** The data follows **

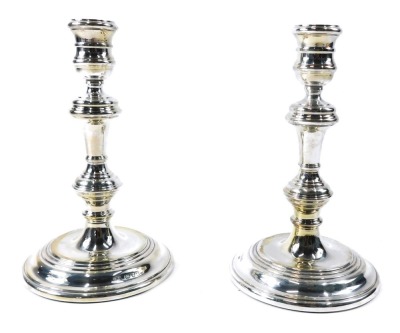 A pair of George V silver candlesticks, each on tapered stem with weighted base, maker MNW Limited, London 1978, 18cm high, 20.39oz gross.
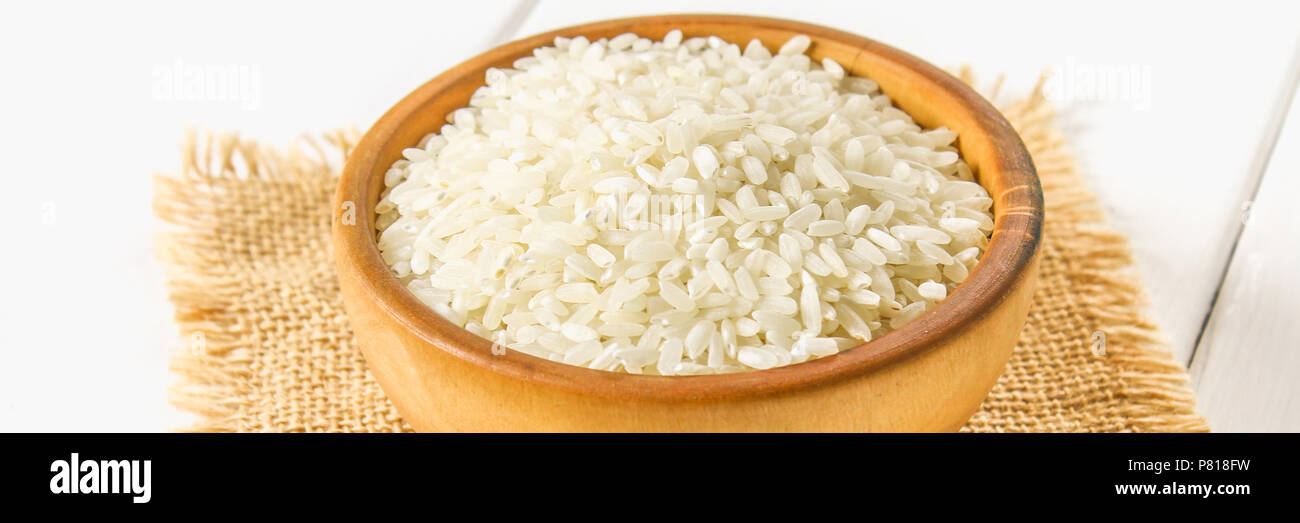 White Items Rice Grains of raw white rice on a white wooden table of boards. Ingredients ...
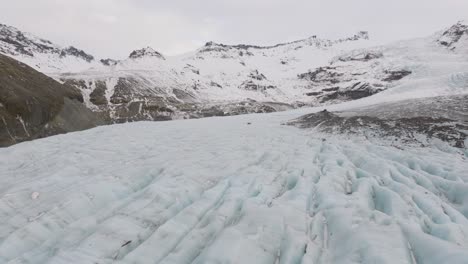 Aerial-panoramic-landscape-view-over-ice-cracks-and-formations-in-Virkisjokull-glacier-covered-in-snow,-Iceland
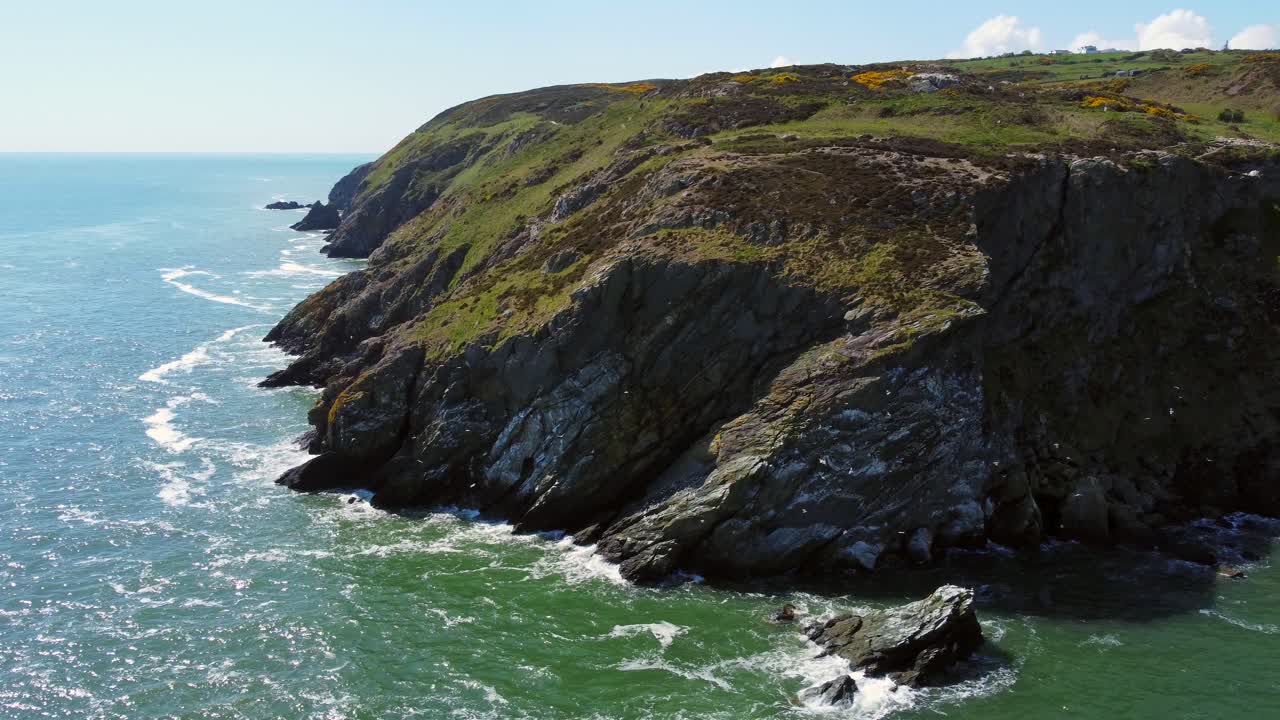 Aerial view of rocky coast and cliffs with flying seagulls in bright, sunny day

** End of The data **

▸ How to complete this task
Copy the listing above in full and exactly, but omit each picture that it holds.

▸ Output below
 A pair of George V silver candlesticks, each on tapered stem with weighted base, maker MNW Limited, London 1978, 18cm high, 20.39oz gross.
 White Items Rice Grains of raw white rice on a white wooden table of boards. Ingredients ...
 Aerial-panoramic-landscape-view-over-ice-cracks-and-formations-in-Virkisjokull-glacier-covered-in-snow,-Iceland
 Aerial view of rocky coast and cliffs with flying seagulls in bright, sunny day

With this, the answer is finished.